A particle of unit mass is describing an orbit, whose pedal equation is \(r = p/\sin^2 \phi\), under the influence of a central force \(F(r)\). Show that the value of the force at any point of the path is given by \[F = -\frac{1}{4} h^2 \frac{d}{dr}(r^{-2}),\] where \(r\) is the radius vector, \(p\) the perpendicular from the centre \(O\) onto the tangent, \(\phi\) is the speed of the particle, and \(h = pr\). The particle is projected from a point \(P\) under an attractive force \(2\mu r/r^3\), where \(\mu\) is a constant. Prove that if the velocity of projection has a certain value, to be found, the path will be a circle passing through the centre of force \(O\).
Two small spheres of masses \(m_1\) and \(m_2\) are in motion along the same straight line. Show that their kinetic energy may be written in the form \[\frac{1}{2}Mu^2 + \frac{1}{2}\mu v^2,\] where \(M = m_1 + m_2\), \(\mu^{-1} = m_1^{-1} + m_2^{-1}\), and \(u\) is the velocity of their centre of gravity and \(v\) is the velocity of one sphere relative to the other.

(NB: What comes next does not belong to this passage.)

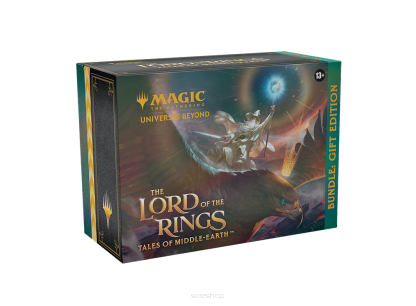 The Lord of the Rings: Tales of Middle-Earth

If the spheres subsequently collide and their coefficient of restitution is \(e\), find the loss of kinetic energy.
The point of suspension of a simple pendulum \(AB\) of length \(l\) is \(A\), and the point \(A\) is caused to move along a horizontal straight line \(OX\) in such a way that \(OA = x(t)\) at time \(t\). If \(\theta\) is the inclination of the pendulum to the vertical, and \(g\) the acceleration of gravity, obtain the appropriate equation of motion. If \(\frac{d^2x}{dt^2}\) is constant and equal to \(f\), show that the pendulum can remain at a constant inclination \(\alpha\) to the vertical given by \(\tan \alpha = f/g\), and find the period of small oscillations about this position.
A light string \(ACE\), whose mid-point is \(C\), passes through two small smooth rings \(B\) and \(D\) at the same level and distance \(2a\) apart. At the points \(A\), \(C\), \(E\) of the string are attached masses each equal to \(m\). Initially \(C\) is at rest at \(O\) (the middle point of \(BD\), \(B\) and \(D\) are hanging vertically, and the system is set free. If the total length of the string is \(4l\), show that \(C\) will come to rest when it has fallen a distance \(4a/3\). Find also the speed of \(C\) when it has fallen a distance \(3a/4\) below \(O\).
A uniform heavy rod \(AB\) of length \(2a\) is suspended in equilibrium by two light strings \(OA\), \(OB\) each of length \(2a\). If the string \(OB\) is suddenly cut, find the initial angular acceleration of the rod and the new initial tension in the string \(OA\).